= THE DATA =

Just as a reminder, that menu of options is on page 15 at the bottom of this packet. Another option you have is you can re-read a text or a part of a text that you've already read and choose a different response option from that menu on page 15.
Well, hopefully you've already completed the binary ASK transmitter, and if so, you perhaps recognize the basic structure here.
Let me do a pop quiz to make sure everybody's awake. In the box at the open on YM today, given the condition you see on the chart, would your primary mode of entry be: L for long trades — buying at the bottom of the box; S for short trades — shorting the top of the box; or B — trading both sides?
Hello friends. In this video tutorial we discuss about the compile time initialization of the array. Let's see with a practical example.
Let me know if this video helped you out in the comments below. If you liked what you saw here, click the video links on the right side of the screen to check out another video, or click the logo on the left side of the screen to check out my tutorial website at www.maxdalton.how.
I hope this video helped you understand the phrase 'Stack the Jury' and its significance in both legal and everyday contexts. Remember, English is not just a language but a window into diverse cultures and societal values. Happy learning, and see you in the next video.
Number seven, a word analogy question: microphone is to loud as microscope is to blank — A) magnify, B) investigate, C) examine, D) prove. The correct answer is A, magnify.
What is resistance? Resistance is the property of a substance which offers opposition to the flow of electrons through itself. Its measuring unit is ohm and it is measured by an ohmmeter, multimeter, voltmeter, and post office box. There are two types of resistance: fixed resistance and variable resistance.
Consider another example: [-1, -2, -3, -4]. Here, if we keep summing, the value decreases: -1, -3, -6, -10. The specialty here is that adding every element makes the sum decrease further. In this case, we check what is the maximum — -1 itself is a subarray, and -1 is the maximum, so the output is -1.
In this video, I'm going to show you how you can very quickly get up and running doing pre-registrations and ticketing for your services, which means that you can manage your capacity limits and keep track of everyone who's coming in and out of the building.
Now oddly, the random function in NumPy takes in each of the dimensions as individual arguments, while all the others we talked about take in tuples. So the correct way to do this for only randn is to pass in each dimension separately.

==

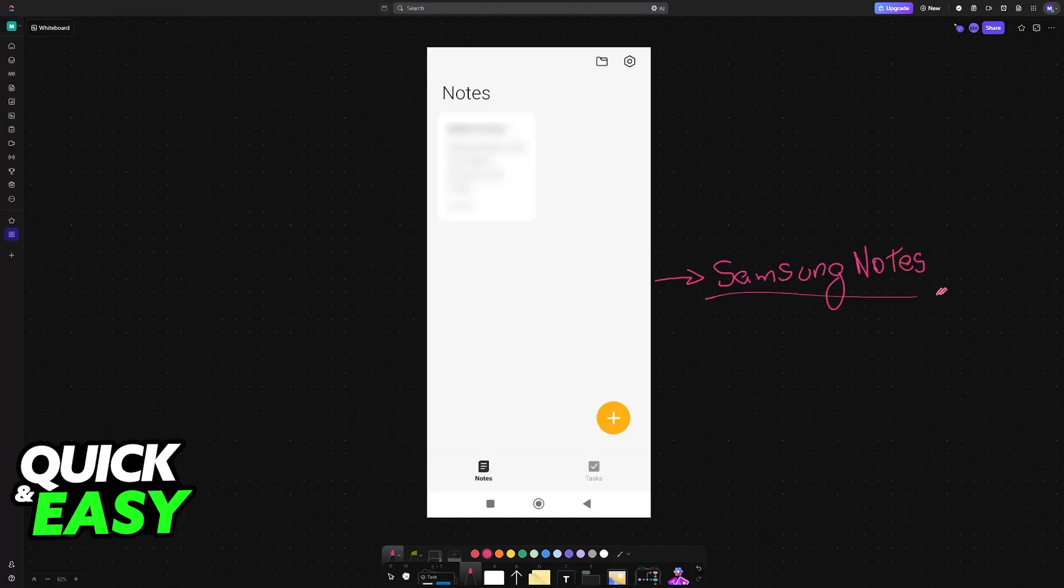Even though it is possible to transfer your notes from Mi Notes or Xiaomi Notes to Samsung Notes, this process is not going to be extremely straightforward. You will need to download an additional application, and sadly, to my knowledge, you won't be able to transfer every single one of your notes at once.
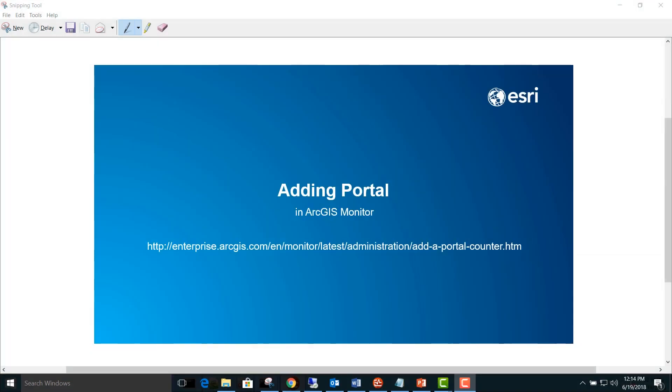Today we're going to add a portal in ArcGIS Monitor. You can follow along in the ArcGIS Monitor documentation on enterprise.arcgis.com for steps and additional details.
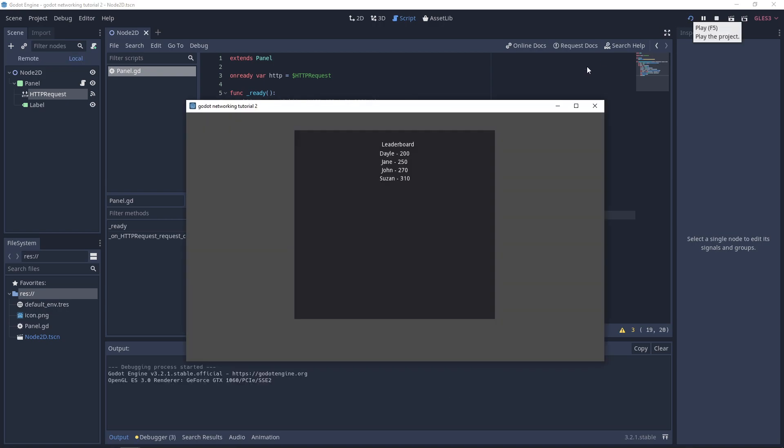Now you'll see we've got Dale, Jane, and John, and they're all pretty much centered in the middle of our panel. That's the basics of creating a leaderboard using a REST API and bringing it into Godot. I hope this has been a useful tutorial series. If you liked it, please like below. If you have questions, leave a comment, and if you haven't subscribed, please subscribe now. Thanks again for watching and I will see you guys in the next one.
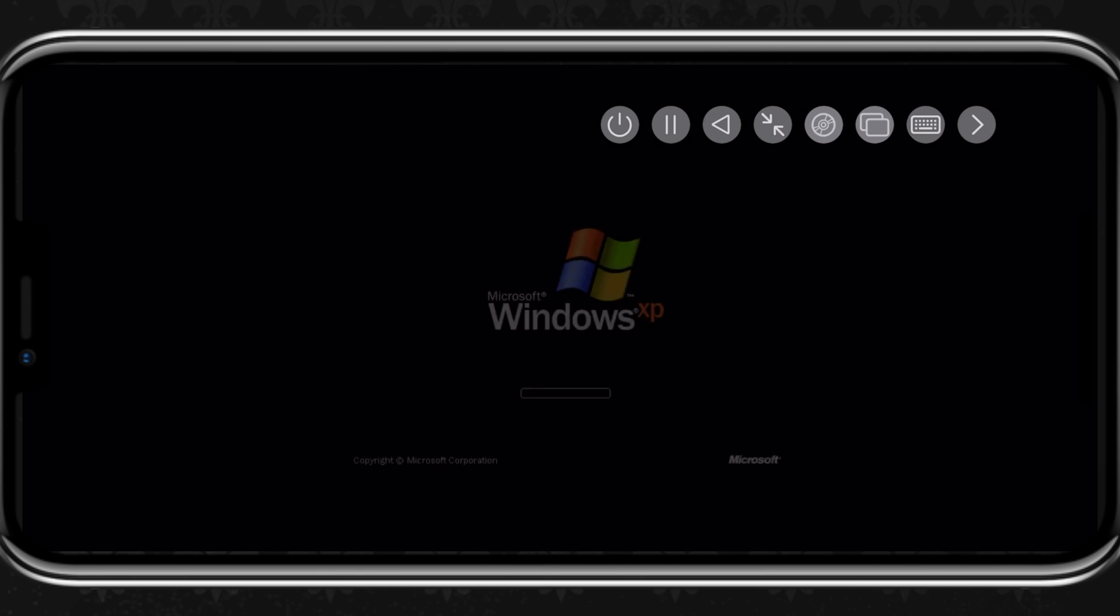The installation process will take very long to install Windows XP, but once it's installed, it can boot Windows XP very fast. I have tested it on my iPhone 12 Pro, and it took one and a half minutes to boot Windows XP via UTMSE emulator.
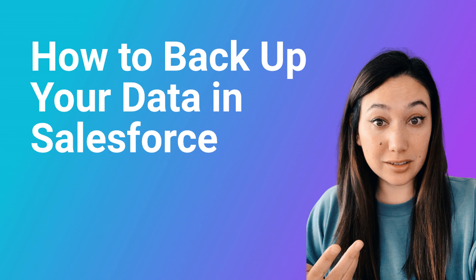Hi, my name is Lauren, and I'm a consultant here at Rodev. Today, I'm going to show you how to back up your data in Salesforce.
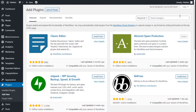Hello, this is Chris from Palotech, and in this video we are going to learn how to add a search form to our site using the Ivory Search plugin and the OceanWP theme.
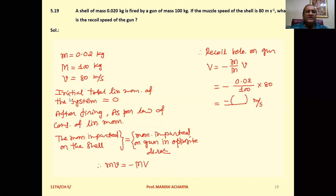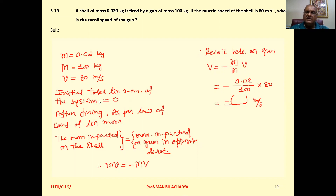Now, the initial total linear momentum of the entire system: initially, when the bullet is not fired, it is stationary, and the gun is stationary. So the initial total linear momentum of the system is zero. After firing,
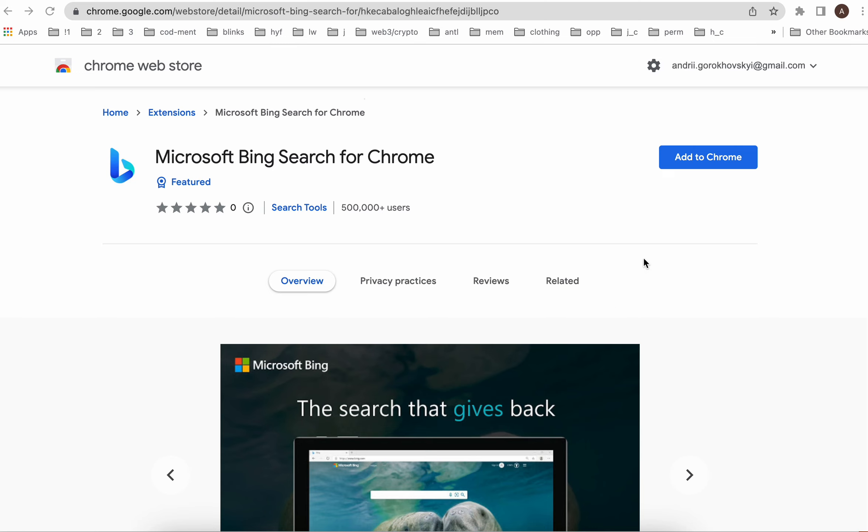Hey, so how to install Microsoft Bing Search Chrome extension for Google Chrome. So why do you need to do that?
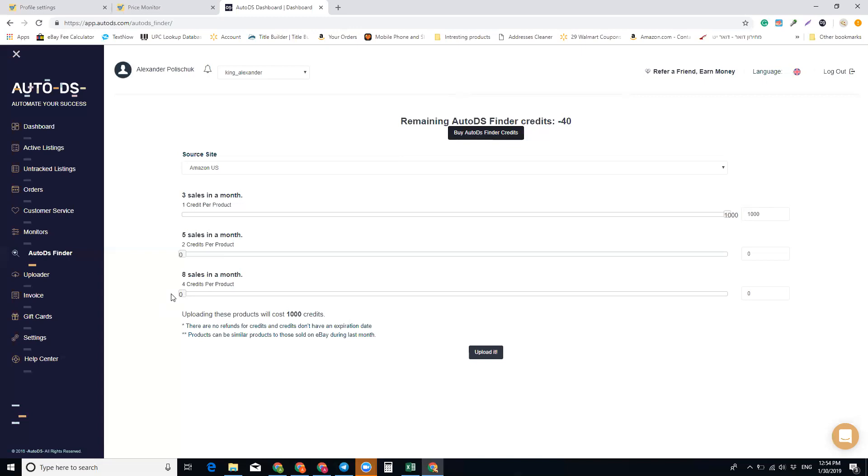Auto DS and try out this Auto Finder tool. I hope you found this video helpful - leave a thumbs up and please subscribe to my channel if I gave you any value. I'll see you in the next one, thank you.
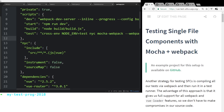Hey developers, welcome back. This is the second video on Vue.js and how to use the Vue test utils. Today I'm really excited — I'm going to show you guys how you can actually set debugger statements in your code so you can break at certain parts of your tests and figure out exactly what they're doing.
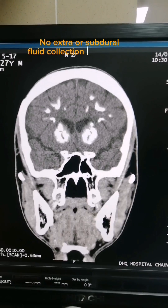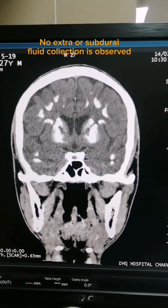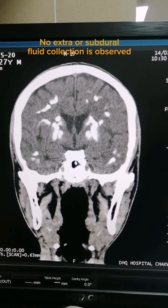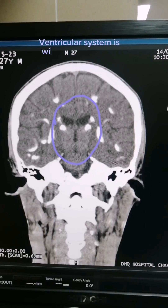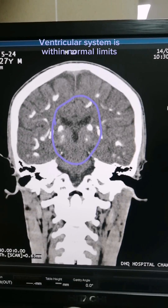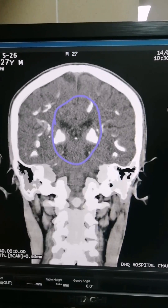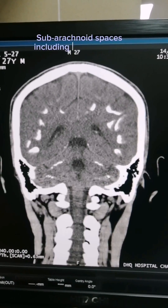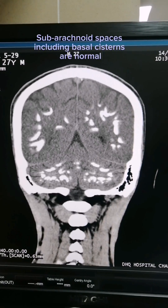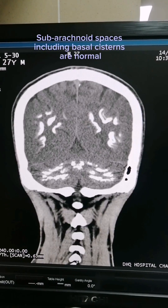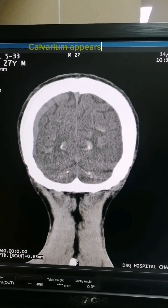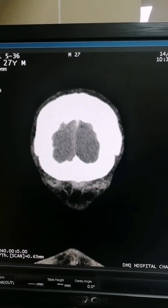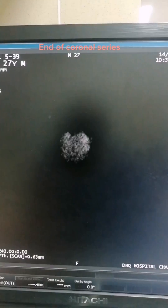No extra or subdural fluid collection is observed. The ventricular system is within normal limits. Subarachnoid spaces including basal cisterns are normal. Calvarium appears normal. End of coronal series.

= ASSIGNMENT =
Go through the material and copy each line that contains "itself".

= RESPONSE TO THE TASK =
What is resistance? Resistance is the property of a substance which offers opposition to the flow of electrons through itself. Its measuring unit is ohm and it is measured by an ohmmeter, multimeter, voltmeter, and post office box. There are two types of resistance: fixed resistance and variable resistance.
Consider another example: [-1, -2, -3, -4]. Here, if we keep summing, the value decreases: -1, -3, -6, -10. The specialty here is that adding every element makes the sum decrease further. In this case, we check what is the maximum — -1 itself is a subarray, and -1 is the maximum, so the output is -1.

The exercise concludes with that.